Thursday, December 22, 2016

Sharing In The Loss


Sharing In The Loss

© 2001 by Bud Lemire



My dear sister Nancy, that I truly love

Even though she's gone, she's watching from above

I know your sadness, because I feel it too

I see the memories daily, with everything I do



Don't feel guilty, you did everything you could, I know

Now you must heal your pain, and let your spirit grow

Think of me, sitting here, alone here in the house

Nobody stops here to see me, it's as quiet as a mouse



I know it is too sad, to stop here for too long

The memories of her, are still so very strong

I know the way you feel, because I feel it too

I still feel so exhausted, and there's nothing I can do



I try my best to carry on, being all alone right here

No one I can turn to, when I need someone to be near

It's a waste of good energy, to let your guilt be there

Always remember, you have relatives, who, for you, really care



It's be nice to have everyone come here, to play a game or two

Because loneliness has come for me, if only you knew

I will carry on, for me, God must have a plan

I will keep on smiling, and do the best I can





Mom had just passed away. Nancy wouldn't stop here

because the memories were still too fresh in her mind.

She was feeling so sad, but then again we all were.
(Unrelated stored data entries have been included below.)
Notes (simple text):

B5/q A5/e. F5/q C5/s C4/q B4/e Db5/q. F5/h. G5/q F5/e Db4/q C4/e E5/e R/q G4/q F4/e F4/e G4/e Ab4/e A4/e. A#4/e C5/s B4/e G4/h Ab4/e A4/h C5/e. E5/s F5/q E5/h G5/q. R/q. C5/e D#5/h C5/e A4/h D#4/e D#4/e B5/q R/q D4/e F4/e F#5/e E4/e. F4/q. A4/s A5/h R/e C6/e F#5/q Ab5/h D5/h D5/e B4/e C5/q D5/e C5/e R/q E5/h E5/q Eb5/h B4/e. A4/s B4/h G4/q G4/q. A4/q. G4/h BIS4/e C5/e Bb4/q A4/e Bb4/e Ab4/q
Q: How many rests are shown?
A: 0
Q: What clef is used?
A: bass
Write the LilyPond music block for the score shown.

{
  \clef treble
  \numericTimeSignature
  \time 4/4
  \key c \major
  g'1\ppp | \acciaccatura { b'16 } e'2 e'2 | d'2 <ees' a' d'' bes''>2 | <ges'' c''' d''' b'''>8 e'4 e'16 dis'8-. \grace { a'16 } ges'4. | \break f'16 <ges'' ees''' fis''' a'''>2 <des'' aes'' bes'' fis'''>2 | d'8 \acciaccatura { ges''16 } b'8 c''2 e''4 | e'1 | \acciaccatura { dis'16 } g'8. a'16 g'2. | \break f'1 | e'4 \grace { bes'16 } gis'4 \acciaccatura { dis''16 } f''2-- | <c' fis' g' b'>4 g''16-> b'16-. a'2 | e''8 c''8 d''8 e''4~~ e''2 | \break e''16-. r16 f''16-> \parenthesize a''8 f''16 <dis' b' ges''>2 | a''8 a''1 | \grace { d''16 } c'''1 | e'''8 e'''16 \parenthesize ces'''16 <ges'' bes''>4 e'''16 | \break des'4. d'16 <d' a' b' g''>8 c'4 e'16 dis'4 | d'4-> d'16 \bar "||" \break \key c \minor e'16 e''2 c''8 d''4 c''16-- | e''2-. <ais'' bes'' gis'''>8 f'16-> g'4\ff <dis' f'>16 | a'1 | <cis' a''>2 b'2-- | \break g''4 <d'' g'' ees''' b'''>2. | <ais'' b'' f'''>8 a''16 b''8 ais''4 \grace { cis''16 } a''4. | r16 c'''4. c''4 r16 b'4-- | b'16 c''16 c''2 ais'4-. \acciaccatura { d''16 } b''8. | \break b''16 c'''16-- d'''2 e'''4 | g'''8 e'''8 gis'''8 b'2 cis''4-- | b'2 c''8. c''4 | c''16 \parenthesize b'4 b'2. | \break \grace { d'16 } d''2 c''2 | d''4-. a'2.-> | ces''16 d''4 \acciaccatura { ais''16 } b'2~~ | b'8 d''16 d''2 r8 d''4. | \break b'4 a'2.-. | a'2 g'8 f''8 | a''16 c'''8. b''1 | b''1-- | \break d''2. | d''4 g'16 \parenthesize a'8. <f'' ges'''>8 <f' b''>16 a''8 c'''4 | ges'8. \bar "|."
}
I

was still living at home, waiting for the next chapter

of my life to begin. I wrote this poem, in hopes that

Nancy would understand that I know how she felt

and I am here for her. Even though not many were

here for me. People would call, but in person is so

much better. John & Terry would stop and ask if I

needed anything. What they brought at this time,

was what I needed most. A friendly face to see.